→ DIRECTIONS
After finding the line that includes "Balenciaga - Asymmetrical-hem" in the records below, transcribe it and each line after it through the last, exactly, and add nothing.

RECORDS PROVIDED START

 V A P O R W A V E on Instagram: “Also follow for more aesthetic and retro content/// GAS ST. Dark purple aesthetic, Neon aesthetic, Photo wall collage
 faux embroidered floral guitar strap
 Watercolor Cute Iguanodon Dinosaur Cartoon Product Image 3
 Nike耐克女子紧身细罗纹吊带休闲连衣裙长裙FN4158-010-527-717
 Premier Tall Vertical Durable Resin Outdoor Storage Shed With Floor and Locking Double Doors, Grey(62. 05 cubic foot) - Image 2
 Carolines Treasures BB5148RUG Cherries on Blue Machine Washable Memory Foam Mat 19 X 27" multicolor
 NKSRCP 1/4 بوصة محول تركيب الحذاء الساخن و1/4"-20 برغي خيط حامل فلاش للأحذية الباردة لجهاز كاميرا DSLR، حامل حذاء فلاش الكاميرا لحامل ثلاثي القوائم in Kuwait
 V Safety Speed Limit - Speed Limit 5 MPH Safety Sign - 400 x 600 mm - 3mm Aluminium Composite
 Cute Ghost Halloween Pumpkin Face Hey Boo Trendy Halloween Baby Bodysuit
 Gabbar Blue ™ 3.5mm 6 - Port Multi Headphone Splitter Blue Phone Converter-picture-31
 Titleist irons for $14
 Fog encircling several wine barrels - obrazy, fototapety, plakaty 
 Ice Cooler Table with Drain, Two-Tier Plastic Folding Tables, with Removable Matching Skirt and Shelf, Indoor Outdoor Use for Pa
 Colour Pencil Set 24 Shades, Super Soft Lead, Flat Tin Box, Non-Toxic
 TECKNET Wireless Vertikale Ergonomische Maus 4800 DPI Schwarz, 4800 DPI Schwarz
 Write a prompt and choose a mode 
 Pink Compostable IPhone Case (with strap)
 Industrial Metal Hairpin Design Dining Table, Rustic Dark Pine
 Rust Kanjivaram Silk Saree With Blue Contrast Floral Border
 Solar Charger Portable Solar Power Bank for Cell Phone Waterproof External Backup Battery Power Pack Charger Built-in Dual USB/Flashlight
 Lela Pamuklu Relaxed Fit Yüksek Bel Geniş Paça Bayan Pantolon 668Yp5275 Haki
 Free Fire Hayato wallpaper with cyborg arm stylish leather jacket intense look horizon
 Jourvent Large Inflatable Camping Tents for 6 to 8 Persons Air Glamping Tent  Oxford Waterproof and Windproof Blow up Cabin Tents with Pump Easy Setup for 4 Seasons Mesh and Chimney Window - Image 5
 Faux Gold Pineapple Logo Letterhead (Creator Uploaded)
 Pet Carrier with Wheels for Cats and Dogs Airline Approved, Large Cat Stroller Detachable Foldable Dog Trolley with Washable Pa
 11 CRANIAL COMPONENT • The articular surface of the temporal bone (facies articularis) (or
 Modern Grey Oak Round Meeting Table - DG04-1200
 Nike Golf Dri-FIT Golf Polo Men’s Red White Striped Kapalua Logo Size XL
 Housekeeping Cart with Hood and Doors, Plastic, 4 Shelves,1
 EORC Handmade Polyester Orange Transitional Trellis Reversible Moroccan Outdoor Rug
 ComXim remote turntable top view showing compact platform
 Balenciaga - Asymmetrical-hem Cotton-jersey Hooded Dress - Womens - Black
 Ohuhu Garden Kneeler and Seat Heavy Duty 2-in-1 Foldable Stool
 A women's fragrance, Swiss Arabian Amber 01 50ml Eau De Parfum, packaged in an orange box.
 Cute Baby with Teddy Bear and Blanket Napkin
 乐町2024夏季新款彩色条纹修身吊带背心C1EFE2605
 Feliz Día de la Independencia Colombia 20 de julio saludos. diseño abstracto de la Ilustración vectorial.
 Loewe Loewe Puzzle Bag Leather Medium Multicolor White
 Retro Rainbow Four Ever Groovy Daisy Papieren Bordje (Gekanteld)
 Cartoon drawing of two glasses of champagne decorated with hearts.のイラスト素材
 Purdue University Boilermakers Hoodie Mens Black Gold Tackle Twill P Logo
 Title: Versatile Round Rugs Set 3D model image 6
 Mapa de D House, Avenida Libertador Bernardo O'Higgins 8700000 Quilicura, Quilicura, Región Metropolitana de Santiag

RECORDS PROVIDED END

→ RESPONSE TO THE TASK
 Balenciaga - Asymmetrical-hem Cotton-jersey Hooded Dress - Womens - Black
 Ohuhu Garden Kneeler and Seat Heavy Duty 2-in-1 Foldable Stool
 A women's fragrance, Swiss Arabian Amber 01 50ml Eau De Parfum, packaged in an orange box.
 Cute Baby with Teddy Bear and Blanket Napkin
 乐町2024夏季新款彩色条纹修身吊带背心C1EFE2605
 Feliz Día de la Independencia Colombia 20 de julio saludos. diseño abstracto de la Ilustración vectorial.
 Loewe Loewe Puzzle Bag Leather Medium Multicolor White
 Retro Rainbow Four Ever Groovy Daisy Papieren Bordje (Gekanteld)
 Cartoon drawing of two glasses of champagne decorated with hearts.のイラスト素材
 Purdue University Boilermakers Hoodie Mens Black Gold Tackle Twill P Logo
 Title: Versatile Round Rugs Set 3D model image 6
 Mapa de D House, Avenida Libertador Bernardo O'Higgins 8700000 Quilicura, Quilicura, Región Metropolitana de Santiag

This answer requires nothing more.